Besides the login page specified in auth_constants.php, you can allow other pages to have login forms on them, but you need to add them to this array.

Redirect to HTTPS

$config['redirect_to_https'] = FALSE;

A strong security policy does not allow for HTTP pages to be redirected to HTTPS. If set to TRUE, an attempt to access a page where SSL is forced will redirect to the HTTPS version. If set to FALSE, a 404 error is generated.

Login Form Validation File

$config['login_form_validation_file'] = 'form_validation/examples/login';

This setting is a path to a config file to load for form validation rules used during a login attempt. You will most likely change this setting if you create a new set of validation rules and save it somewhere else.

Declared Auth Model

$config['declared_auth_model'] = 'auth_model';

Community Auth makes it easy to extend it’s Auth model by allowing you declare your own model.

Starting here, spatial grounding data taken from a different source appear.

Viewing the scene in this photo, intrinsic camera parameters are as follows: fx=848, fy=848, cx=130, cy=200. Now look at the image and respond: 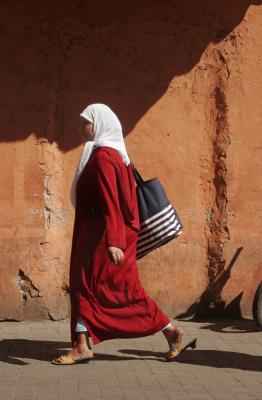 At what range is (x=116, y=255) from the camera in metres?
5.70

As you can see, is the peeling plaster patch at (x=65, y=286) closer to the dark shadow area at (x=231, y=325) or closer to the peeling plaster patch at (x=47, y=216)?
the peeling plaster patch at (x=47, y=216)

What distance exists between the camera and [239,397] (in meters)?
5.04

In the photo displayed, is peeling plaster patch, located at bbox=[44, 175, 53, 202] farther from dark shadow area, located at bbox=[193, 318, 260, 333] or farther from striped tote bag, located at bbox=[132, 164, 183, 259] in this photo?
dark shadow area, located at bbox=[193, 318, 260, 333]

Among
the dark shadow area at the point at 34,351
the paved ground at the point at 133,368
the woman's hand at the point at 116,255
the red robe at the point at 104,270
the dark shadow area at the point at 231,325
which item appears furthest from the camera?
the dark shadow area at the point at 231,325

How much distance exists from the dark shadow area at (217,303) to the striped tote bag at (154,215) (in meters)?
1.80

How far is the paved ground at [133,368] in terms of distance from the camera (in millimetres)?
5141

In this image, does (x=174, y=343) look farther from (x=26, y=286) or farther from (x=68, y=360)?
(x=26, y=286)

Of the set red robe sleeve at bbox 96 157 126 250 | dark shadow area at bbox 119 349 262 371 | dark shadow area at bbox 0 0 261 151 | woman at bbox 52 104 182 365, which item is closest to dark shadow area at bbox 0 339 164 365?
dark shadow area at bbox 119 349 262 371

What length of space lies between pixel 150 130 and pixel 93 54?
2.84ft

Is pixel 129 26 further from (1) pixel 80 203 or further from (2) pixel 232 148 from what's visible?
(1) pixel 80 203

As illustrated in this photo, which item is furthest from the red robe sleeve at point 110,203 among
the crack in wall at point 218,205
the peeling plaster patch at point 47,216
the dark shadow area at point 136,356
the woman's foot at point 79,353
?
the crack in wall at point 218,205

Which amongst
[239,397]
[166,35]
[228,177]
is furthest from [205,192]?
[239,397]

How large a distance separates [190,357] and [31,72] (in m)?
2.97

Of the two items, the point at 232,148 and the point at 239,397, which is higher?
the point at 232,148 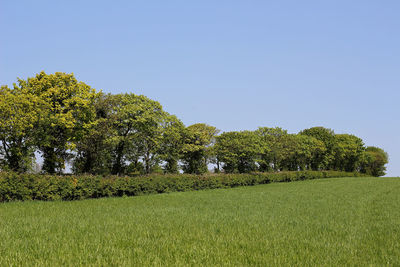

You will still autoload auth_model, but you would also autoload your own model AFTER auth_model.

$autoload['model'] = array(
    'auth_model', 'my_auth_model'

When creating your own model, make sure it extends Auth_model, unless you intend to replace the entire Auth model with your own.

class My_auth_model extends Auth_model {
	public function __construct()

	// -----------------------------------

Handle Auth Sessions GC on Logout

$config['auth_sessions_gc_on_logout'] = TRUE;

By default, garbage collection for the auth_sessions table is handled when any user logs out. This is fine for more sites, provided that you can count a decent percentage of your users logging out. A better way to handle this garbage collection may be to create a cron job for the garbage collection routine.

Community Auth comes with a Crons controller, and if you copy it to your application/controllers directory, you can run the auth_sessions_gc method at whatever interval suits your needs. If you use a cron job to handle garbage collection for the auth sessions table, you can set this setting to FALSE.